While this might not make it easier for international students, it could help people like Charlotte Chen.
Chen, who graduated from Davis High in 2012, was born in New York. Her parents divorced when she was young. However, after a while, her father was unable to take care of her.
“He just got too busy,” Chen said.
When she was about seven years old, she went to China, where she attended boarding school during the week and stayed with her grandparents during the weekend.
She came back to the United States during high school and was originally staying with her grandparents, but their health started failing. After staying with her uncle for a bit, he also became too busy. By senior year, she was living by herself in a two-level apartment on Cypress Lane.
Chen usually had dinner at a friend’s house, but mainly did her shopping and cooking herself. Although there was another woman in the apartment who was her roommate, she was not the person who was supposed to take care of Chen.
At first, Chen didn’t mind the arrangement.
“I had been in boarding school,” Chen said. “I thought that I was independent enough.”
Nevertheless, it become more difficult as time went on.
“After second semester, it was really tough,” Chen said. “Seeing other kids with their parents was especially hard.”
Would she have liked to take advantage of a caregiver agreement?
The short answer is no. Chen was actually asked if she would like to live with another adult, but she wasn’t comfortable with the idea.
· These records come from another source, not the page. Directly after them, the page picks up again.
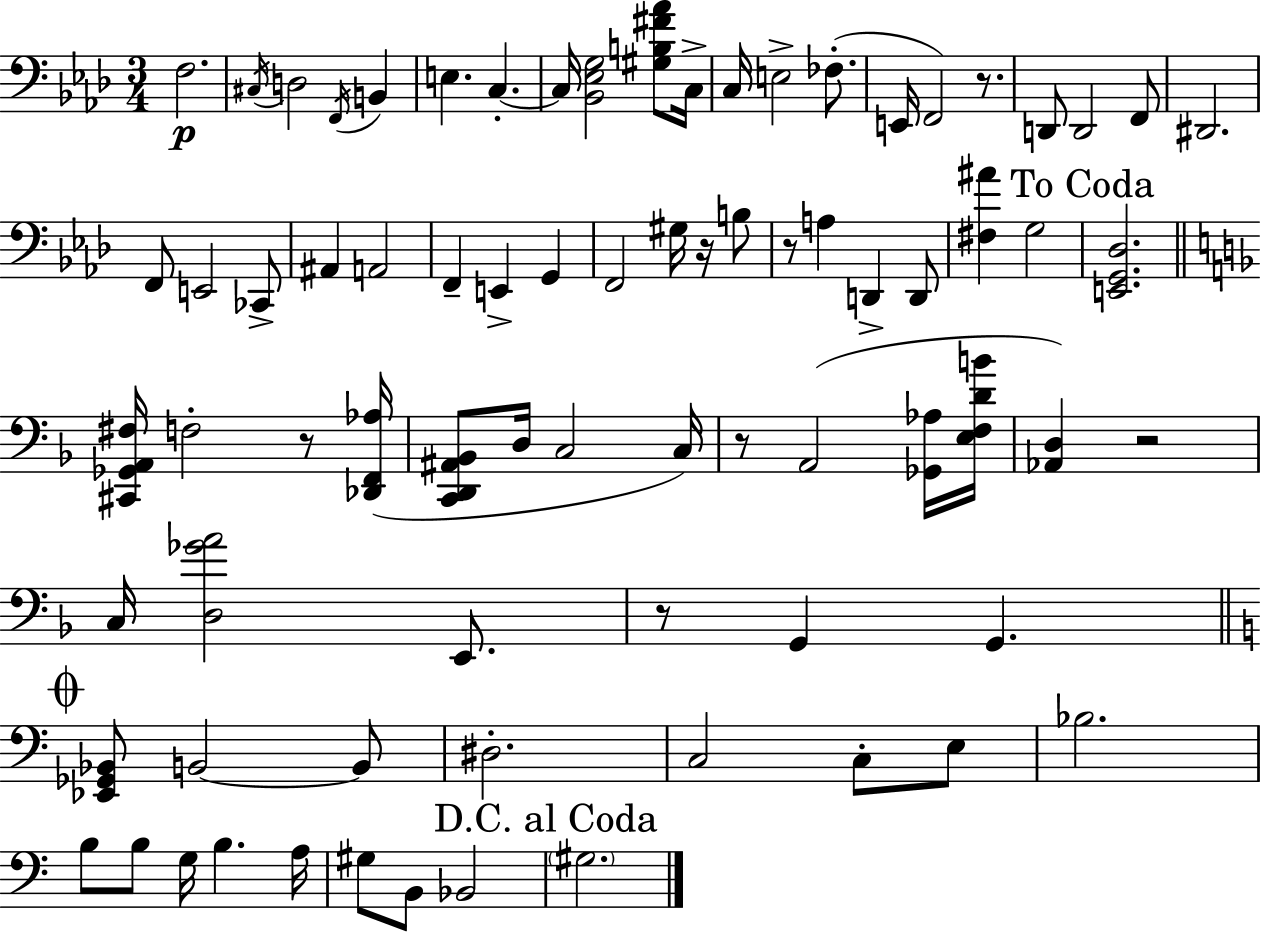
{
  \clef bass
  \numericTimeSignature
  \time 3/4
  \key aes \major
  f2.\p | \acciaccatura { cis16 } d2 \acciaccatura { f,16 } b,4 | e4. c4.-.~~ | c16 <bes, ees g>2 <gis b fis' aes'>8 | \break c16-> c16 e2-> fes8.-.( | e,16 f,2) r8. | d,8 d,2 | f,8 dis,2. | \break f,8 e,2 | ces,8-> ais,4 a,2 | f,4-- e,4-> g,4 | f,2 gis16 r16 | \break b8 r8 a4 d,4-> | d,8 <fis ais'>4 g2 | \mark "To Coda" <e, g, des>2. | \bar "||" \break \key d \minor <cis, ges, a, fis>16 f2-. r8 <des, f, aes>16( | <c, d, ais, bes,>8 d16 c2 c16) | r8 a,2( <ges, aes>16 <e f d' b'>16 | <aes, d>4) r2 | \break c16 <d ges' a'>2 e,8. | r8 g,4 g,4. | \mark \markup { \musicglyph "scripts.coda" } \bar "||" \break \key a \minor <ees, ges, bes,>8 b,2~~ b,8 | dis2.-. | c2 c8-. e8 | bes2. | \break b8 b8 g16 b4. a16 | gis8 b,8 bes,2 | \mark "D.C. al Coda" \parenthesize gis2. | \bar "|."
}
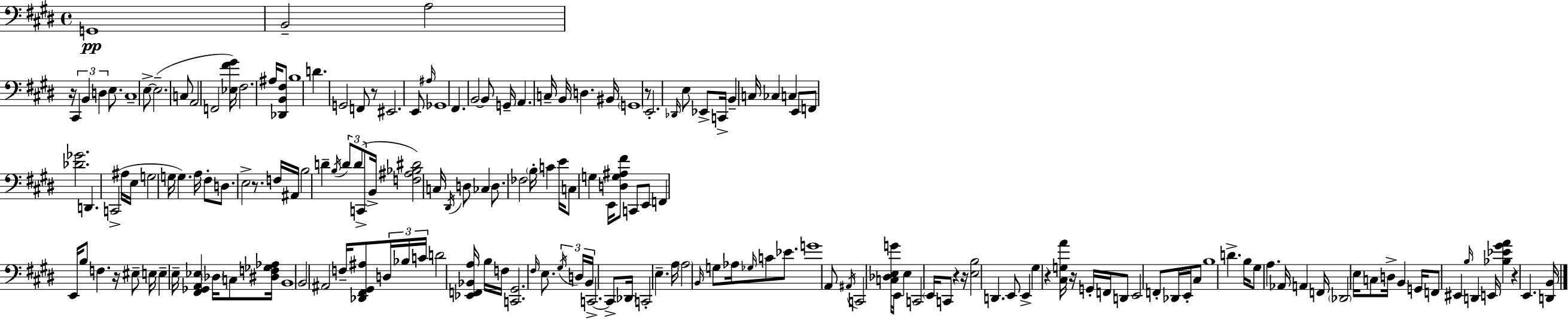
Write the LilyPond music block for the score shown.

{
  \clef bass
  \time 4/4
  \defaultTimeSignature
  \key e \major
  g,1\pp | b,2-- a2 | r16 \tuplet 3/2 { cis,4 b,4 d4 } e8. | cis1-- | \break e8->~~ e2.--( c8 | a,2 f,2 | <ees fis' gis'>16) fis2. ais16 <des, b, fis>8 | b1 | \break d'4. g,2 f,8 | r8 eis,2. e,8 | \grace { ais16 } ges,1 | fis,4. b,2~~ b,8 | \break g,16-- a,4. c16-- b,16 d4. | bis,16 \parenthesize g,1 | r8 e,2.-. \grace { des,16 } | e8 ees,8-> c,16-> b,4-- c16 ces4 c4 | \break e,8 f,8 <des' ges'>2. | d,4. c,2->( | ais16 e16 g2 g16 g4.) | a16 fis8-. d8. e2-> r8. | \break f16 ais,16 b2 d'4-- | \acciaccatura { b16 } \tuplet 3/2 { d'8 d'8( c,8-> } b,16-> <f ais bes dis'>2) | c16 \acciaccatura { dis,16 } d8 ces4 d8. fes2 | \parenthesize b16-. c'4 e'16 c8 g4 e,16 | \break <d g ais fis'>8 c,8 e,8 f,4 e,16 b8 f4. | r16 eis8-- e16 e4-- e16-- <fis, ges, a, ees>4 | \parenthesize des16 c8 <dis f ges aes>16 b,1 | b,2 ais,2 | \break f16-- <des, fis, gis, ais>8 \tuplet 3/2 { d16 bes16 c'16 } d'2 | <ees, f, bes, a>16 b16 f16 <c, gis,>2. | \grace { fis16 } e8. \tuplet 3/2 { \acciaccatura { gis16 } d16 b,16 } c,2.->~~ | c,8-> \parenthesize des,16 c,2-. e4.-- | \break a16 \parenthesize a2 \grace { b,16 } g8 | aes16 \grace { ges16 } c'8 ees'8. g'1 | a,8 \acciaccatura { ais,16 } c,2 | <c des e g'>16 e,16 e4 c,2 | \break \parenthesize e,16 c,8 r4 r16 <e b>2 | d,4. e,8 e,4-> gis4 | r4 <cis g a'>16 r16 g,16-. f,16 d,8 e,2 | f,8-. des,16 e,16-. cis8 b1 | \break d'4.-> b16 | gis8 a4. aes,16 a,4 f,16 \parenthesize des,2 | e16 c8 d16-> b,4 g,16 f,8 | eis,4 \grace { b16 } d,4 e,16 <bes ees' gis' a'>4 r4 | \break e,4. <d, b,>16 \bar "|."
}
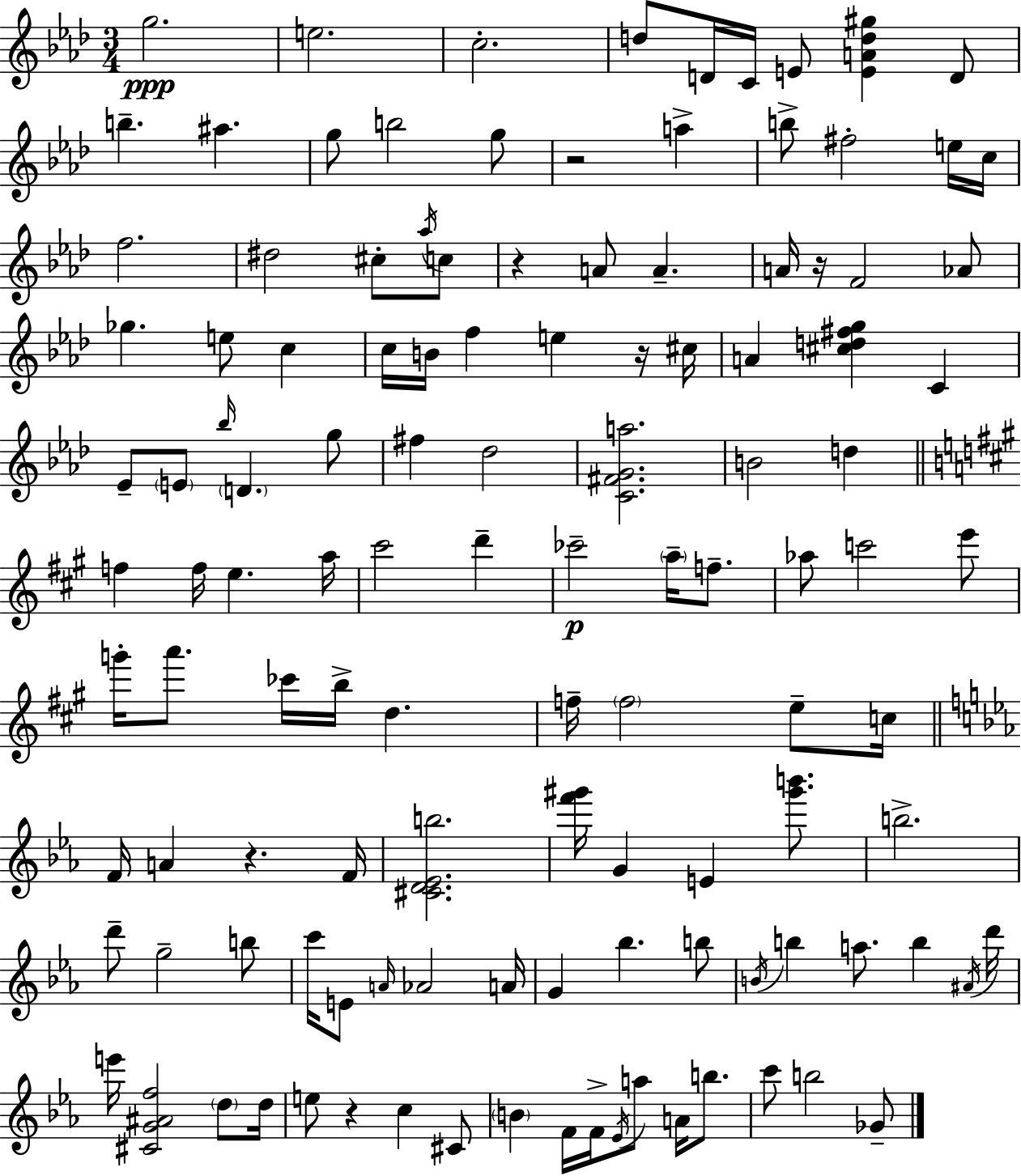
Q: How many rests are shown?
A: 6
She also knew someone who was in a quasi-caregiver arrangement who didn’t like it.
For those who aren’t U.S. citizens, it can be more difficult to study in the United States for high school.
Yu Jin Lee came over to the United States from South Korea in eighth grade with her mother and brother. Her mother, a professor of business, was taking part in an exchange with California State University, Sacramento. Lee lived in Davis and attended Emerson Junior High.
“I really enjoyed the education system here,” Lee said.
Mainly, she liked that she could choose which classes she took, unlike in South Korea, where everyone took the same ones. Lee had also planned to go to college in the United States, and thought that if she went to high school in the U.S., she would have a better chance of getting into college there.
However, her mother’s exchange was only for one year, so in order to stay in the U.S., she would have to go to a private school. Her mother researched boarding schools with merit scholarships for international students, and found Culver Academies.
To get the scholarship, Lee had to get letters of recommendation, write a personal statement and two additional essays and take the Secondary School Aptitude Test and the Test of English (TOEFL). As a finalist, she had to fly to Illinois and participate in a week-long leadership camp, as well as partake in an hour-long interview.
Lee won the merit scholarship, which has since stopped being offered, and is now a junior at Culver Academy.
She likely would have gone to a boarding school even if she hadn’t received a merit scholarship, but she felt that if she that had happened, she “would have been a burden to my family.”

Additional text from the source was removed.